The society organized a World War I exhibit at the Toledo Community Library with the names of Toledo and Winlock men who served in the war as well as a Thursday evening presentation with featured guest Chip Duncan.

Duncan, who is the director of the Veterans Memorial Museum in Chehalis, gave a presentation titled, “Causes of World War I.”

“That was global interaction really for the first time on such a scale,” said Toledo Historical Society member Johanna Jones, as she introduced Duncan.

Duncan’s presentation took an in-depth look at some of the major factors that caused the war. Before discussing the assassination of Franz Ferdinand, which began World War I, Duncan took the audience further back in history — to the Industrial Revolution.

“This was a monumental change for how we saw the world,” Duncan said.

Duncan noted that as society grew, and had to feed its population, warfare changed. He said that in the agricultural age, men who could run a plow were much more valuable to society. If one of those men died, that society didn’t just lose that man. It lost all the food he could produce and then had to take care of the family he left.

After the Industrial Revolution, individuals became less important for the survival of a society.



“Really, that’s why I kind of say World War I was the sunrise of the Industrial Revolution,” Duncan said after the presentation. “It was when we realized everything and what this meant for human society. I think it’s so interesting because for most of American history we were agricultural and we’re still trying to figure out what the Industrial Revolution is, the nuclear revolution, these sorts of things that are happening in society.”

The Toledo Historical Society also displayed the names of Toledo and Winlock men who served in World War I. Jones collected their names for the exhibit.

“I actually really lucked out because the Lewis County (Historical) Museum was doing a thing on World War I as well,” Jones said. “They actually had a book called (In the Service — The Great World War Honor Roll Southwest Washington). So anyone that wants to know if they had somebody (in the war) can go to the museum and actually look in that book and see if they have anybody that they knew, relatives or otherwise.”

The names and various photos of Toledo and Winlock men who served in World War I as well as posters with information on the war are on display in the History Room of the library.

A few of the 20 or so audience members lingered after the presentation to look at various World War I-era artifacts. The Toledo Historical Society brought uniforms and Duncan brought helmets from the U.S., the Ottoman Empire and Germany.
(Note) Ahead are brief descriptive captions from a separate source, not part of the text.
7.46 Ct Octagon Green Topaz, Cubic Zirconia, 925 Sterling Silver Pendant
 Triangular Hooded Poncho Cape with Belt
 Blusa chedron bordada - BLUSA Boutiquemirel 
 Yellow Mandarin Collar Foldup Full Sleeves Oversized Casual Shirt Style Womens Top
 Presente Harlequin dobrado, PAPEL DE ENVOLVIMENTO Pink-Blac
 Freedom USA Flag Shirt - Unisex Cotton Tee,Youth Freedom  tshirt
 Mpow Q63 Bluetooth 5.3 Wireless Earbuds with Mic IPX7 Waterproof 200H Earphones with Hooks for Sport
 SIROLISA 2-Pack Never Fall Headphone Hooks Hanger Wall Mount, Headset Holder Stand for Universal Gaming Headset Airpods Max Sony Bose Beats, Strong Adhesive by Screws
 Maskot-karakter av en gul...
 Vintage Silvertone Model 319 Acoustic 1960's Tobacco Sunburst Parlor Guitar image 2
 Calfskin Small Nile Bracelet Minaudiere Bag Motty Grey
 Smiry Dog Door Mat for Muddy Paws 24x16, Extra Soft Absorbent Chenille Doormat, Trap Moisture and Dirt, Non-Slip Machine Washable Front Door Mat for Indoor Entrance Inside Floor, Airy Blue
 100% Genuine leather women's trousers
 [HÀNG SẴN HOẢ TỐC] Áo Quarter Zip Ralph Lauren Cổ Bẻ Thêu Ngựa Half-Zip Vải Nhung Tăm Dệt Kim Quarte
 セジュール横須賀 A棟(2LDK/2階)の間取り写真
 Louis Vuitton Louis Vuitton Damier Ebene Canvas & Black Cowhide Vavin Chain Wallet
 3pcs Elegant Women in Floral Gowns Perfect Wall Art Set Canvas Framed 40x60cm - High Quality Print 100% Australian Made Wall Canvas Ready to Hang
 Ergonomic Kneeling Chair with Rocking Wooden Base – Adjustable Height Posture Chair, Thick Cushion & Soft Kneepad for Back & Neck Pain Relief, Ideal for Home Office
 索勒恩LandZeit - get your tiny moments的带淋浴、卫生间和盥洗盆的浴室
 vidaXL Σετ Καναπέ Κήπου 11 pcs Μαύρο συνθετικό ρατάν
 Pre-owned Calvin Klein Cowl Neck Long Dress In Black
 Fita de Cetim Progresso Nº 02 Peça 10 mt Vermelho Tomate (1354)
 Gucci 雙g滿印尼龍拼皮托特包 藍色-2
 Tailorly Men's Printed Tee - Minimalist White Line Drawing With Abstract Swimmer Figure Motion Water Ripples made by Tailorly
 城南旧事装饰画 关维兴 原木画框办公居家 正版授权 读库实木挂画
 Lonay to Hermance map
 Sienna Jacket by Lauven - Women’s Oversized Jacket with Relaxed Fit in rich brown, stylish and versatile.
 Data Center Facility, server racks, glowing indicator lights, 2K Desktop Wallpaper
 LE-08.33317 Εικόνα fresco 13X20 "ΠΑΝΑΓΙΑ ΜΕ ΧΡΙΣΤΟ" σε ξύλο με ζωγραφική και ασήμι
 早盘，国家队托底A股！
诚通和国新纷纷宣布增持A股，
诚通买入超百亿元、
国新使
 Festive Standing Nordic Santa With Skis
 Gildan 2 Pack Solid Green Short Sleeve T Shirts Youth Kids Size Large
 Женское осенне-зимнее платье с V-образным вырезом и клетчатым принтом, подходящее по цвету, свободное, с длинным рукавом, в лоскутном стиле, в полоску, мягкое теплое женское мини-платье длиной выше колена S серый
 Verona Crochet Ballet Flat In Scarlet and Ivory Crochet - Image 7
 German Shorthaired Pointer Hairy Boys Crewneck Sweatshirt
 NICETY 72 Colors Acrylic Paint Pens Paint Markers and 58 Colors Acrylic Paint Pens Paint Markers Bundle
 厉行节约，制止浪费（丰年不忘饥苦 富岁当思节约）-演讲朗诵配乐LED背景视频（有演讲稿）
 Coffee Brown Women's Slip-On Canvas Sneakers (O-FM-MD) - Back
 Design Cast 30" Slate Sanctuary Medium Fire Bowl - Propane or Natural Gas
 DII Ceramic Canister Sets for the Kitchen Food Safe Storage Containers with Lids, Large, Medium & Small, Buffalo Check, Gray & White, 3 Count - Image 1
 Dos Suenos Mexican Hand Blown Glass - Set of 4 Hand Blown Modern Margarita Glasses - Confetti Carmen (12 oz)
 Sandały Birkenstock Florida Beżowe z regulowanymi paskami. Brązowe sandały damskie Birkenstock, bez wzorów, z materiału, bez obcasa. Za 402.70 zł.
“I wanted people to understand that, one, history is not boring,” Duncan said of his presentation. “No. 2, there are so many facets to understanding why World War I was fought. A lot of it is just ‘well the assassination of Franz Ferdinand led to World War I.’ No — you have the Industrial Revolution, which even going back to Magna Carta, really are elements that started to happen in our society which led up to the American Revolution, the American Civil War, the Revolution of 1848 and then culminating into World War I.”